▸ WHAT THIS TASK INVOLVES:
The exercise calls for the lines from the one containing "portrait of a beautiful woman in summer park" to the end of the data below to be output exactly, pictures excluded.

▸ EXCERPTED RECORDS:
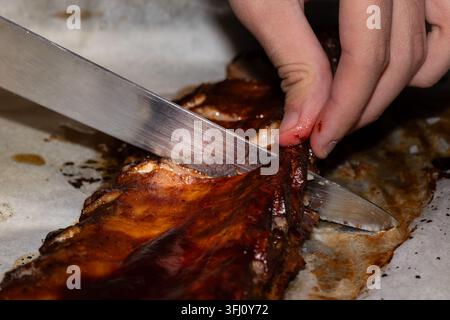 Nahaufnahme von gegrillten Barbecue-Rippchen, die während der Essenszubereitung mit einem Küchenmesser geschnitten werden, und präsentieren gegartes Fleisch, knusprige Textur und Hausmannskost. Stockfoto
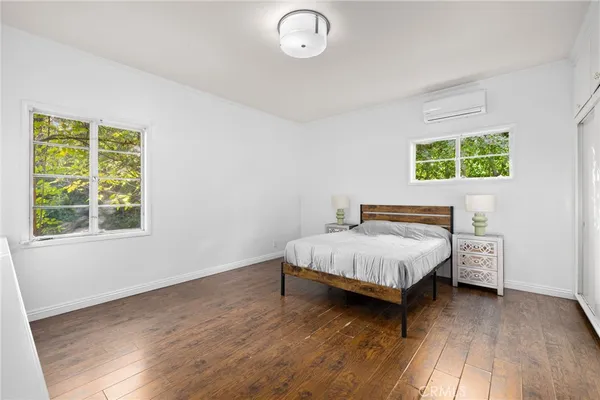 a bed sitting in a bedroom next to a window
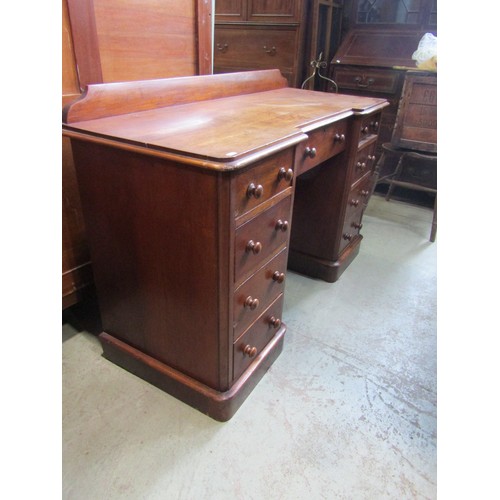 2181a - A Victorian mahogany kneehole twin pedestal desk/dressing table with shallow inverted breakfront and... 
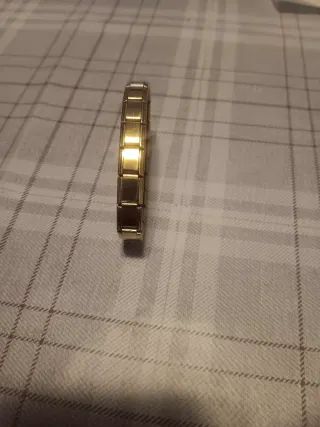 Conjunto Reloj NEXA Oro y Plata y varias joyas.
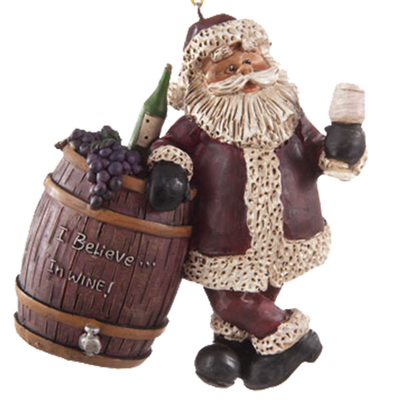 Ornament of Santa holding a wine glass and leaning on a wine barrel that has a bottle of wine , bunch of grapes sitting on top, shown on a white background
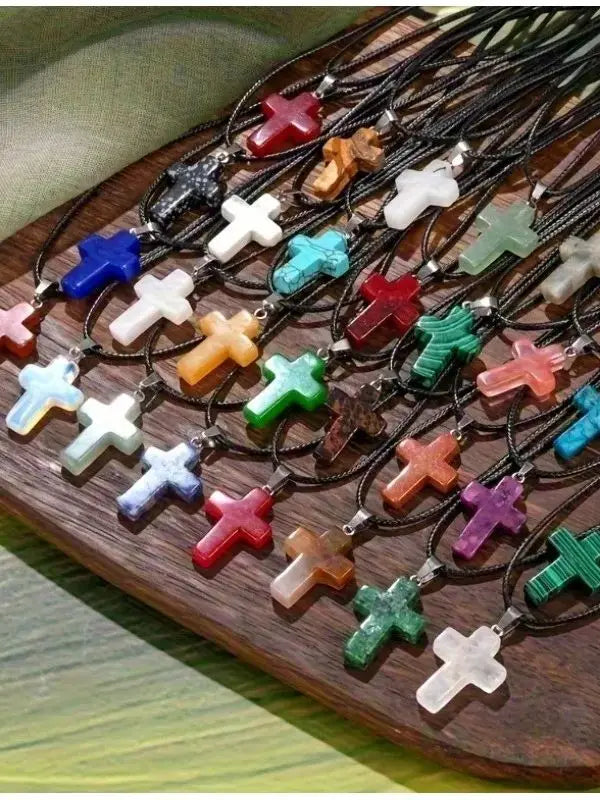A collection of natural stone cross pendants in various colors and shapes displayed on a wooden board.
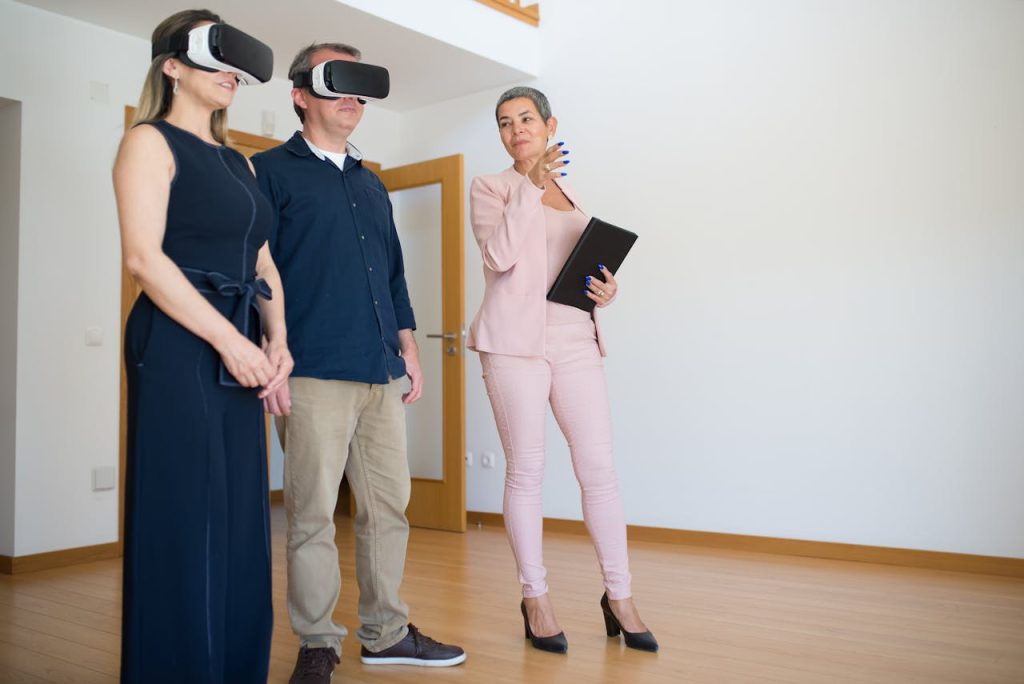 Real estate agent showing buyers property using Virtual reality (VR)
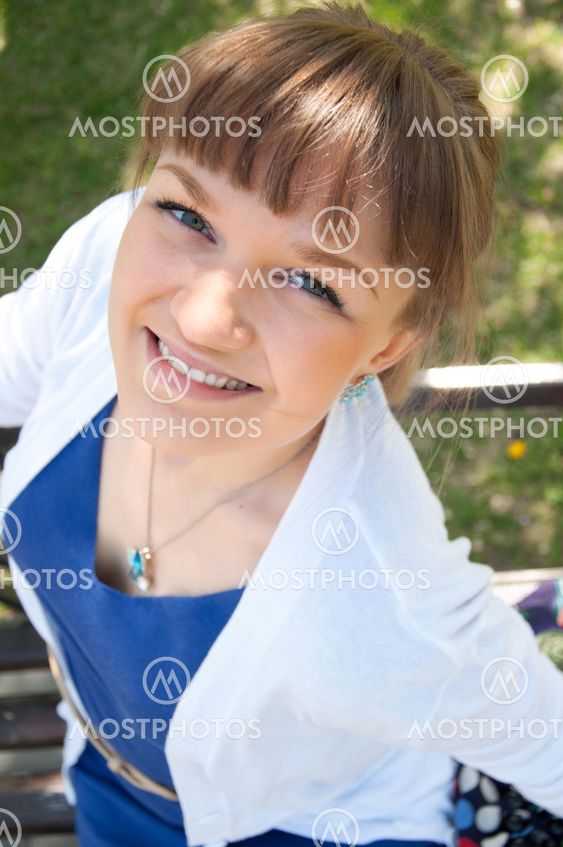 portrait of a beautiful woman in summer park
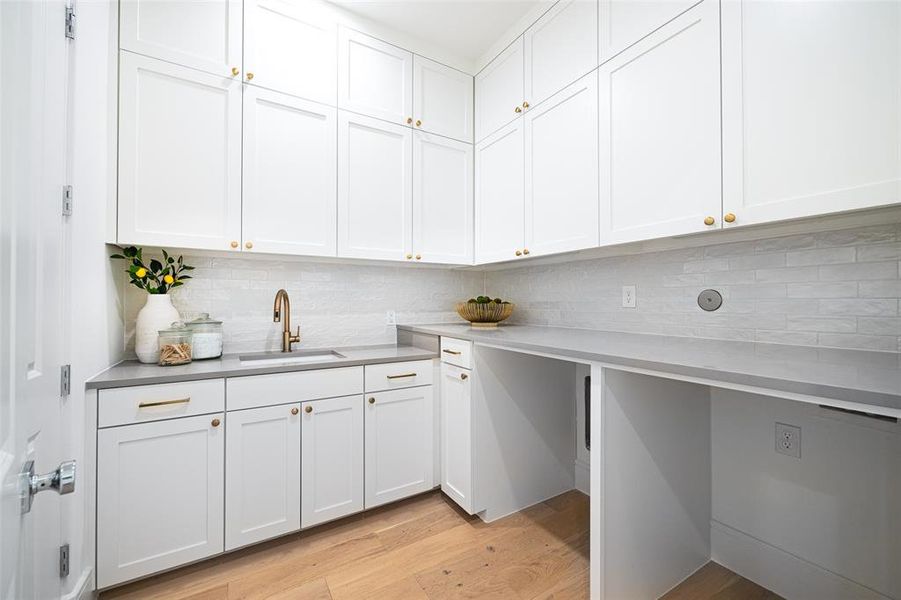 Photo of the showcase model home-extensive cabinet space to ceiling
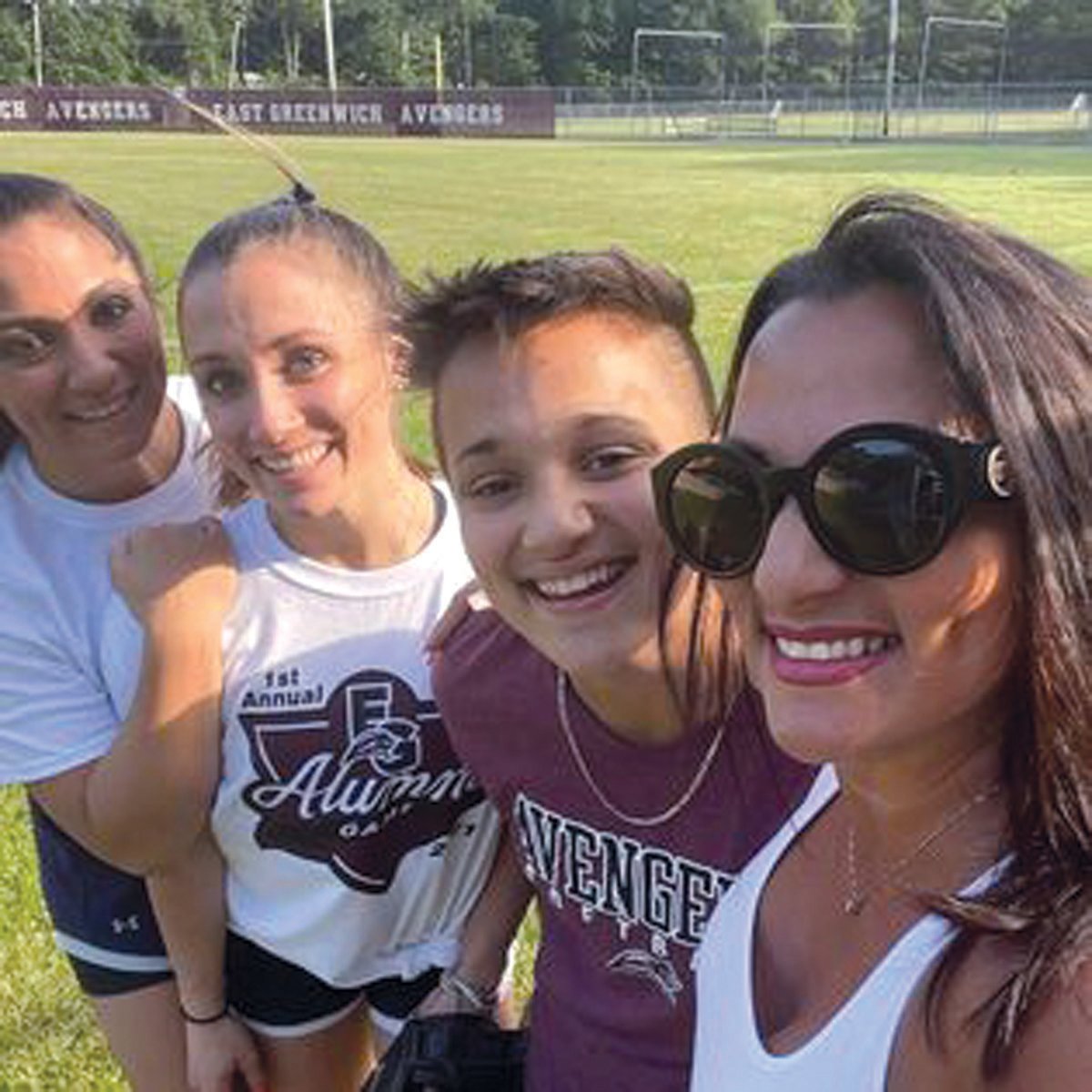 Janine Passaretti-Molloy (right), posed for a photo with her three daughters, Olivia, Victoria and Jackie Passaretti, during an alumni softball game.
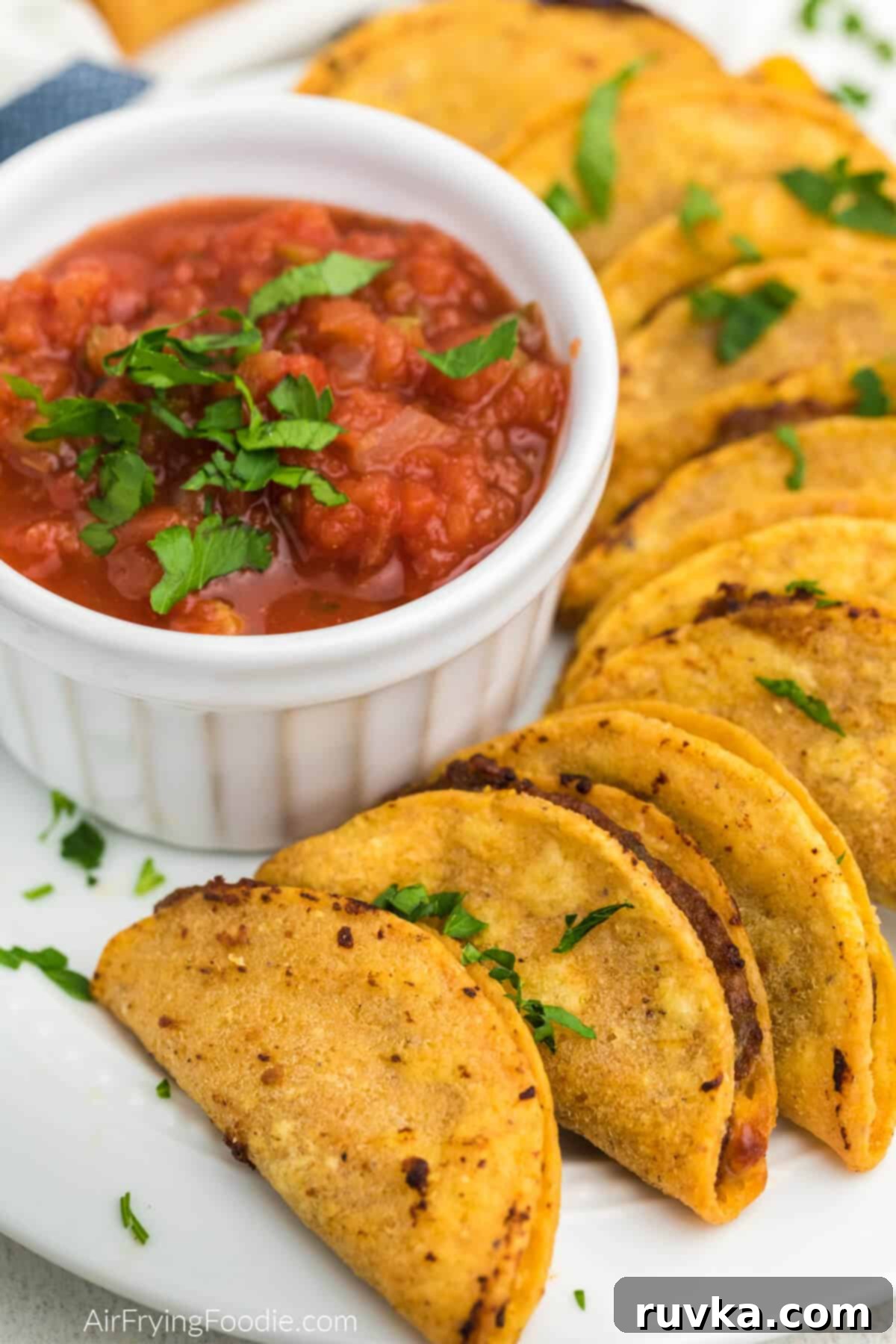 Air Fryer Crispy Taco Bites 8 Plate full of air fried mini tacos with a bowl of salsa for dipping.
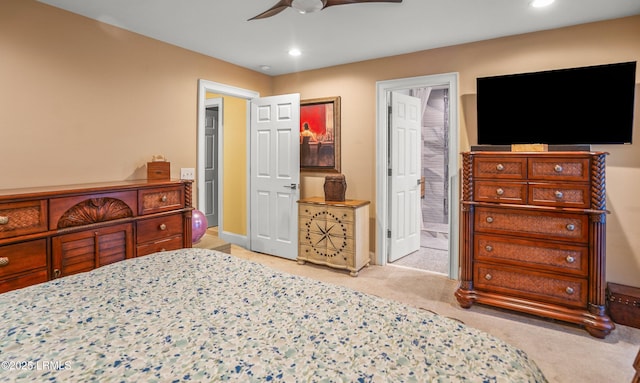 8 Battery Point Ln, Beaufort, SC 29902 - bedroom with light colored carpet, recessed lighting, ceiling fan, and ensuite bath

▸ TASK ANSWER:
 portrait of a beautiful woman in summer park
 Photo of the showcase model home-extensive cabinet space to ceiling
 Janine Passaretti-Molloy (right), posed for a photo with her three daughters, Olivia, Victoria and Jackie Passaretti, during an alumni softball game.
 Air Fryer Crispy Taco Bites 8 Plate full of air fried mini tacos with a bowl of salsa for dipping.
 8 Battery Point Ln, Beaufort, SC 29902 - bedroom with light colored carpet, recessed lighting, ceiling fan, and ensuite bath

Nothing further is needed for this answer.